And he's going to be talking to us about a great article he wrote for VDAir.com entitled The Devil's Term for the Dispossession of Americans.
And we're going to be talking about what that devil's term is and why it was invented and how it's applied.
That's going to be a great hour with Roger Devlin.
But since then, it seems as though the rhetoric with regard to Iran has only been sharpening in the wake of John Bolton's resignation.
So that was quite interesting.
So to help us make sense of that, we're going to have Mark Weber on to talk about the ongoing situation in the Middle East.
Always seems to be something ongoing out there, that's for sure.
But we're going to get Mark Weber's insights on what's going on with Iran here in the first hour, right after this opening segment.
And then in the third hour, back-to-back appearances for Paul Fromm.
So Paul was on with us last week to talk about the upcoming Canadian federal elections, really enlightening a couple of segments there where he filled us in on what's going on up there in their country's political scene.
But since then, we've had another brownface.
I thought it was blackface, but it was brownface, a brownface controversy with Justin Trudeau, a cucks-cuck if there ever was one.
No man has emasculated himself more, but he finds himself apologizing still.
Justin Trudeau, we're going to get an update on what's going on up there.
So Mark Weber, Roger Devlin, and Paul Fromm.
I'm James Edwards.
They're all coming up tonight.
Keith Alexander's back in the studio with me.
We missed you the last couple of weeks, Keith.
Of course, two weeks ago, we were out of town.
And then last week, Ole Miss was playing.
Thank God their game today was a morning game.
So you're able to come back in the studio.

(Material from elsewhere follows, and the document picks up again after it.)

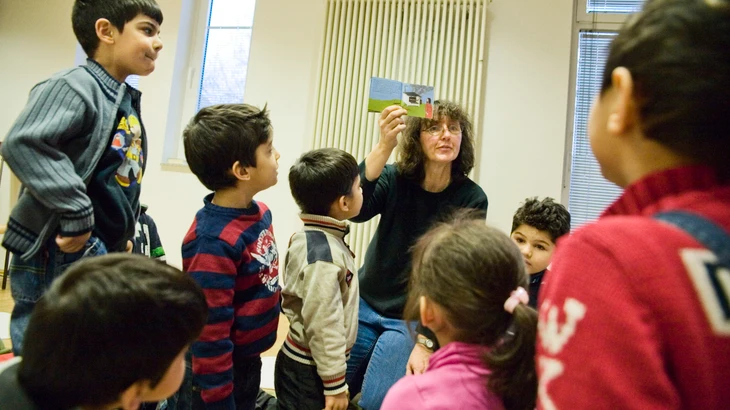 Vorlaufkurs als Pflicht: Auch in der Frankfurter Pestalozzischule werden die Deutschkurse für Kinder vor dem ersten Schuljahr angeboten.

And let me tell you something, folks.
He got here not five minutes ago, but it was a heck of a game today.
Yeah, got it.
Rolled in on two wheels.
I mean, skidding in here, but did the best I could.
And we got in, and everything's a-okay.
I tell you what, except Ole Miss seems to have a real penchant for losing close games now.
It was really an incredible game.
I'll have to tell you about it sometime when we have nothing more important to say.
And we have a lot of important things to say today.
Well, we do, and a lot of important guests as well.
So those are the topics.
Those are the guests we like to use this opening segment to set you up, so to speak.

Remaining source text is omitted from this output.